1. Creating a SparkSession with the BigQuery connector
2. Verifying authentication and project information
3. Reading from a public BigQuery dataset
4. Reading from your authenticated project's datasets
5. Running a simple query through Spark

## Prerequisites

- Apache Spark 3.x installed (included in this container)
- Google Cloud authentication completed (via `gcloud auth login` or service account)
- BigQuery connector JAR (referenced via URL in the notebook)
- Appropriate BigQuery permissions for datasets you want to access

## Packages Required

- pyspark
- google-cloud-bigquery
- pandas
- pyarrow (for data conversion)


In [None]:
# Configuration Variables
# -----------------------
# Replace these with your actual values

# Your GCP dataset and table to query
dataset_id = "my_dataset"  # Replace with your dataset name
table_id = "my_table"       # Replace with your table name

# A GCS bucket you have read/write access to (for temporary data)
bucket_id = "my_bucket"  # Replace with your bucket name

# Import required libraries
import subprocess
from pyspark.sql import SparkSession


## 1. GCP Authentication Information

First, let's check which account and project you're currently authenticated with:


In [None]:
# Display GCP authentication information
print("GCP Authentication Information:")
try:
    # Get currently authenticated account
    account_cmd = ["gcloud", "config", "get-value", "account"]
    account = subprocess.check_output(account_cmd).decode().strip()
    print(f"Authenticated as: {account}")

    # Get current project
    project_cmd = ["gcloud", "config", "get-value", "project"]
    project = subprocess.check_output(project_cmd).decode().strip()
    print(f"Current Project: {project}")
except Exception as e:
    print(f"Error retrieving authentication info: {e}")

print("\n" + "-" * 50 + "\n")


## 2. Initialize Spark with BigQuery Connector

Now we'll create a SparkSession with the BigQuery connector configured.

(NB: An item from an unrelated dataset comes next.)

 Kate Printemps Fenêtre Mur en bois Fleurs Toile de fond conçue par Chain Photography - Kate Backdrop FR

The connector JAR is referenced via URL.


In [None]:
# Initialize Spark session with BigQuery connector
print("Initializing Spark session with BigQuery connector...")
spark = (
    SparkSession.builder.appName("BigQuery Integration Test")
    .config(
        "spark.jars",
        "https://storage.googleapis.com/spark-lib/bigquery/spark-bigquery-latest_2.12.jar",
    )
    .getOrCreate()
)

# Display Spark version for reference
spark_version = spark.version
print(f"Using Apache Spark version: {spark_version}")

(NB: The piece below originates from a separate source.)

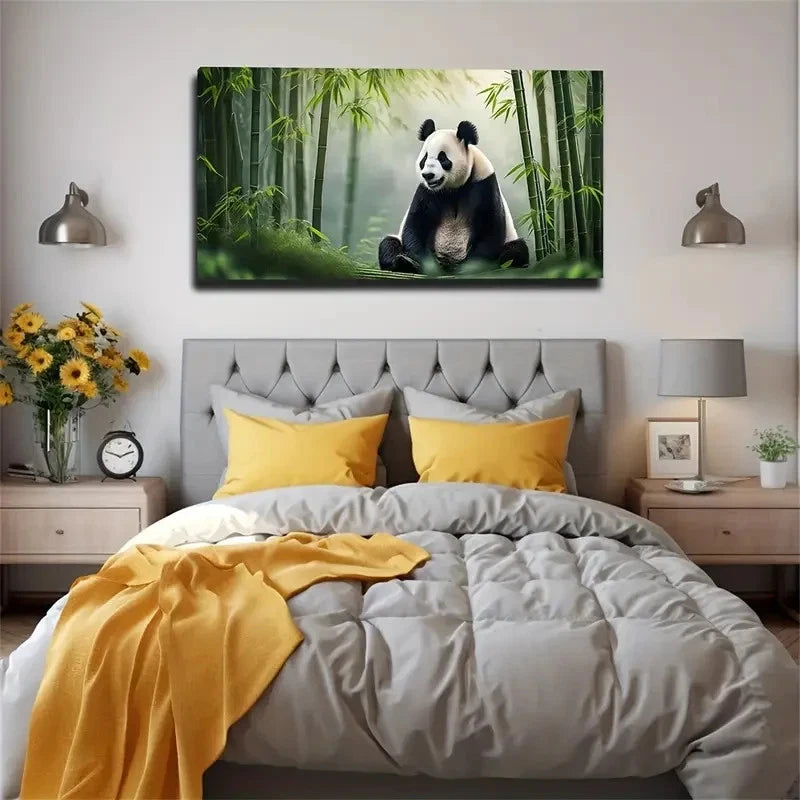 Vibrant Panda Décor Wall Art Canvas Office Home Room Framed 120x60cm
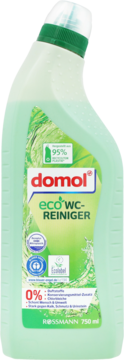 Domol eco WC-REINIGER w zielonej butelce z recyklingu, widok z przodu, z eko-certyfikatami, 0% mikroplastiku.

print("\n" + "-" * 50 + "\n")


## 3. Test with Public Dataset

Let's first test the connector using a public dataset that doesn't require special permissions.
We'll query the Shakespeare public dataset available in BigQuery.


In [None]:
# Test with a public dataset (no authentication needed)
print("Public dataset test:")
try:
    # Read Shakespeare public dataset
    public_data = (
        spark.read.format("bigquery")
        .option("table", "bigquery-public-data:samples.shakespeare")
        .load()
    )

    # Display schema and sample data
    print("Schema:")
    public_data.printSchema()

    print("\nSample data (5 rows):")
    public_data.show(5, truncate=False)

    print(f"Total rows in public dataset: {public_data.count()}")
except Exception as e:
    print(f"Error accessing public dataset: {e}")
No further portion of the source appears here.